Would you repeat the listing below exactly, with no pictures in it?

▶ Recorded data:
* * * *

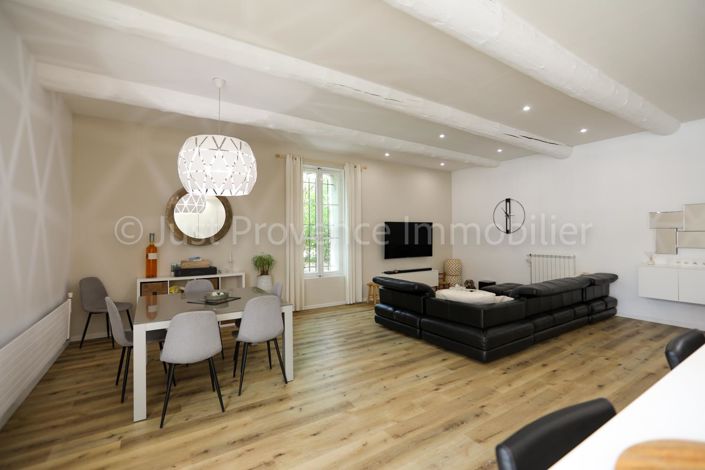 Image No.4-Propriété de 11 chambres à vendre à Saumane-de-Vaucluse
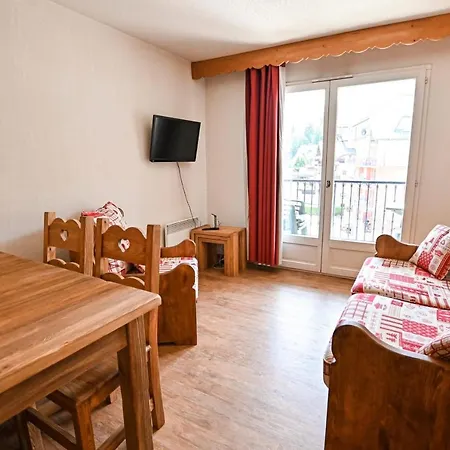 Flat In With Swimming Pool Appartement *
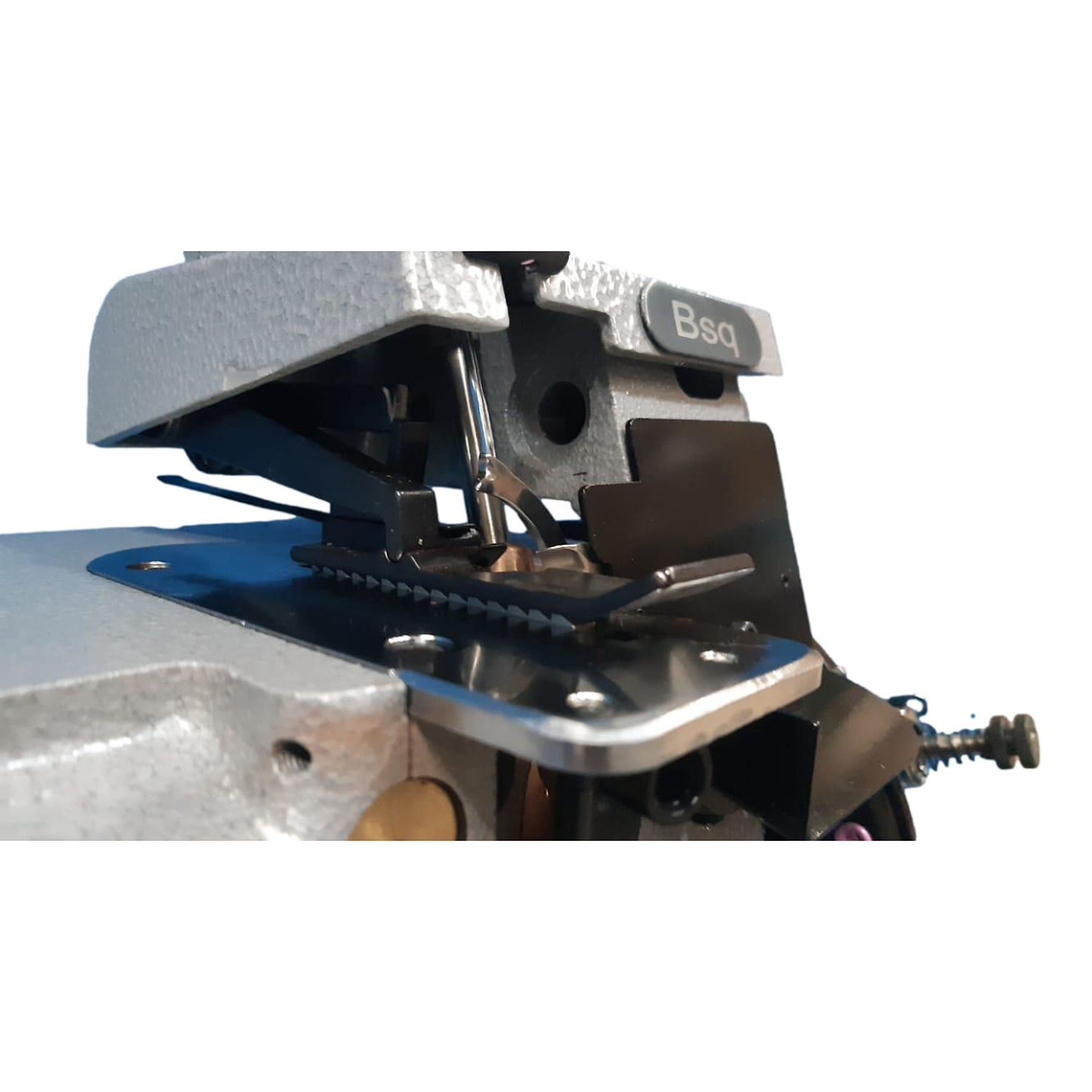 Orilladora Alfombra OVERLOCK BSQ MOD 2502 3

* * * *

▶ Exercise solution:
 Image No.4-Propriété de 11 chambres à vendre à Saumane-de-Vaucluse
 Flat In With Swimming Pool Appartement *
 Orilladora Alfombra OVERLOCK BSQ MOD 2502 3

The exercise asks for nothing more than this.